SUPPLIED RECORDS below:

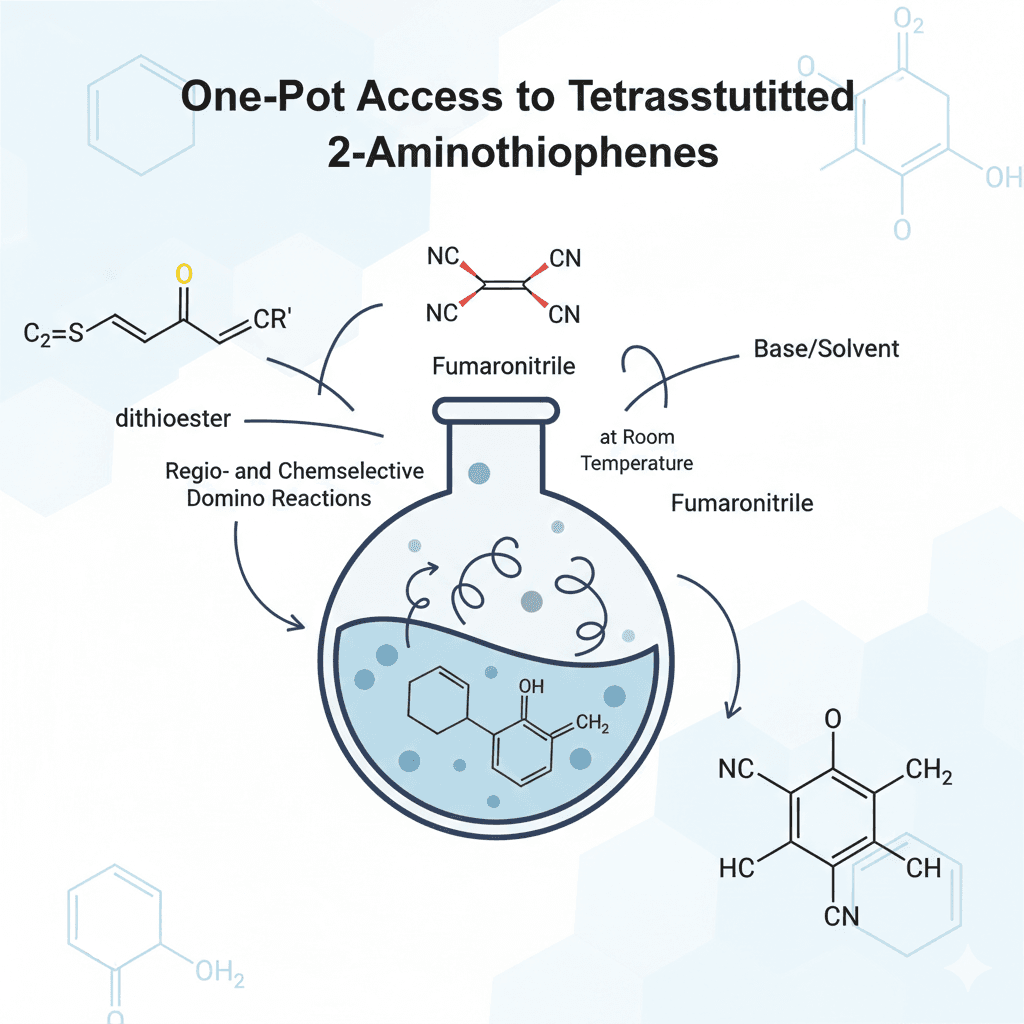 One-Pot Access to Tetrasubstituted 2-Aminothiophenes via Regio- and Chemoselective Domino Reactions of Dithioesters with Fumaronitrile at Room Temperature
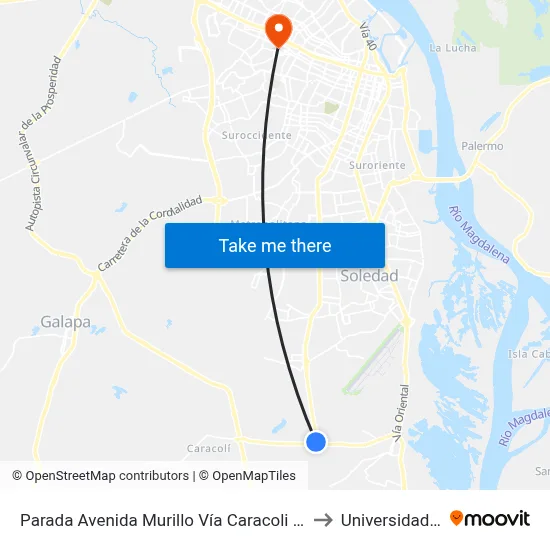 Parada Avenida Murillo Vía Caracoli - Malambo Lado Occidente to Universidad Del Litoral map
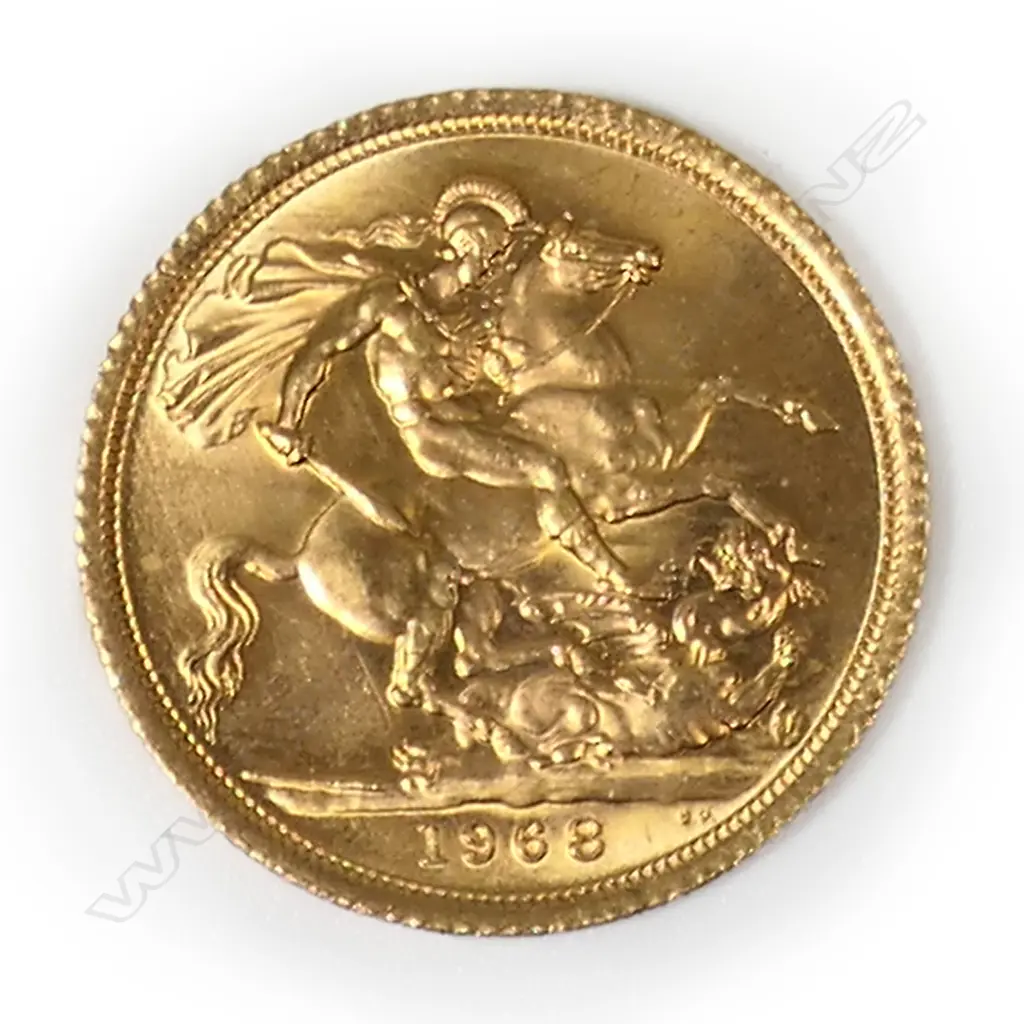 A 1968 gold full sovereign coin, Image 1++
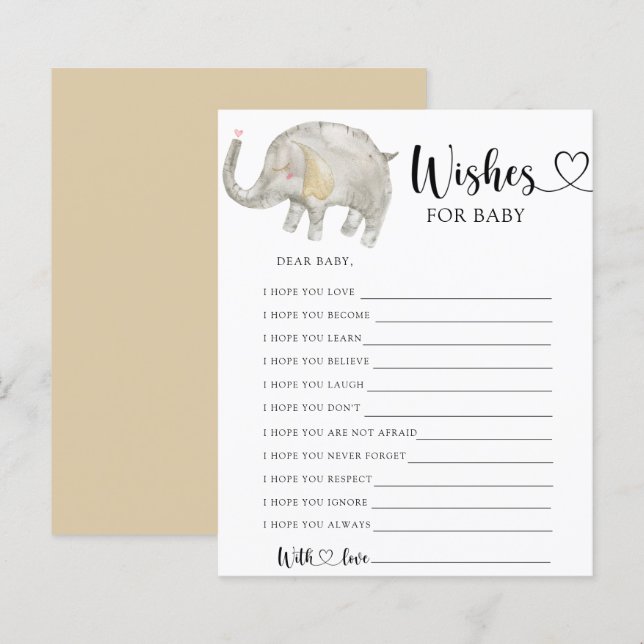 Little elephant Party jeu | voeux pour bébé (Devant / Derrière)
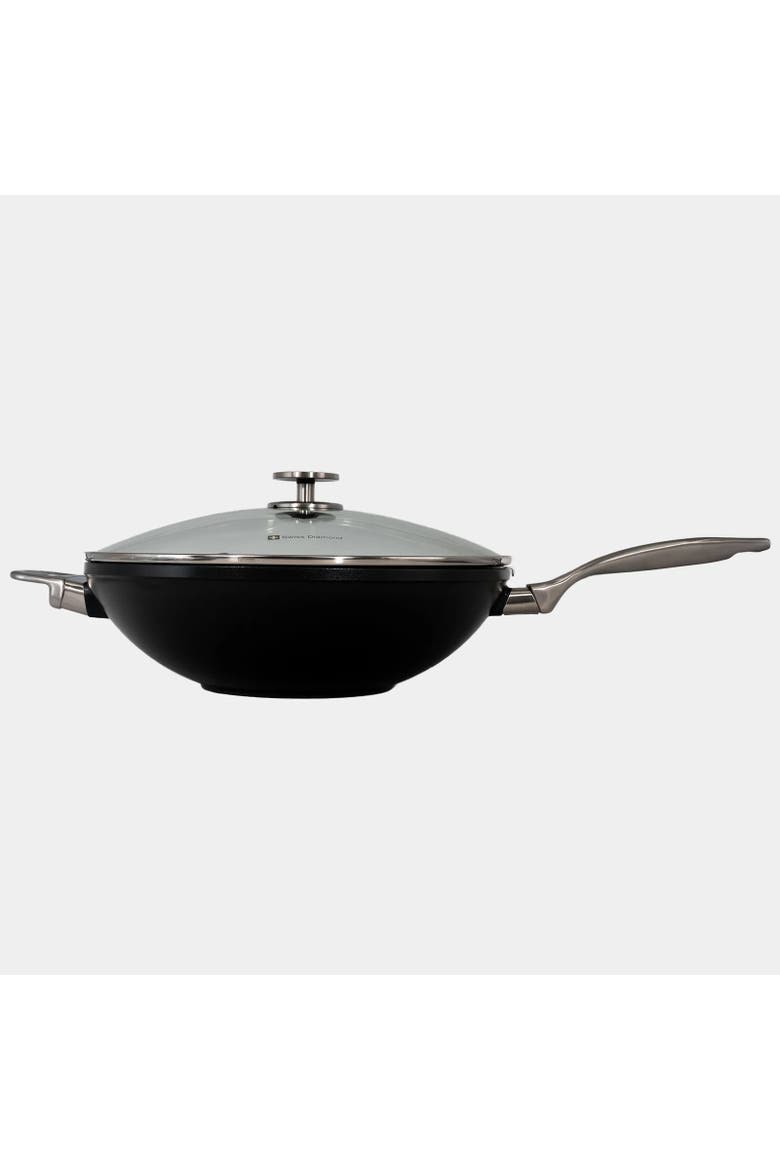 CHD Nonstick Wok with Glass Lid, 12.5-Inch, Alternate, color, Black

End of SUPPLIED RECORDS.
SUPPLIED RECORDS below:

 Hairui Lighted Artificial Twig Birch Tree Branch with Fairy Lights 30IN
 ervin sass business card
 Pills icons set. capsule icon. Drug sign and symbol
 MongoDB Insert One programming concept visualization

End of SUPPLIED RECORDS.

• **WHAT THE EXERCISE ASKS**: The answer must be the part of the records that opens with the line containing "Little elephant Party" and closes with the line containing "CHD Nonstick Wok", reproduced exactly, with no pictures.

• **RESPONSE BELOW**:
 Little elephant Party jeu | voeux pour bébé (Devant / Derrière)
 CHD Nonstick Wok with Glass Lid, 12.5-Inch, Alternate, color, Black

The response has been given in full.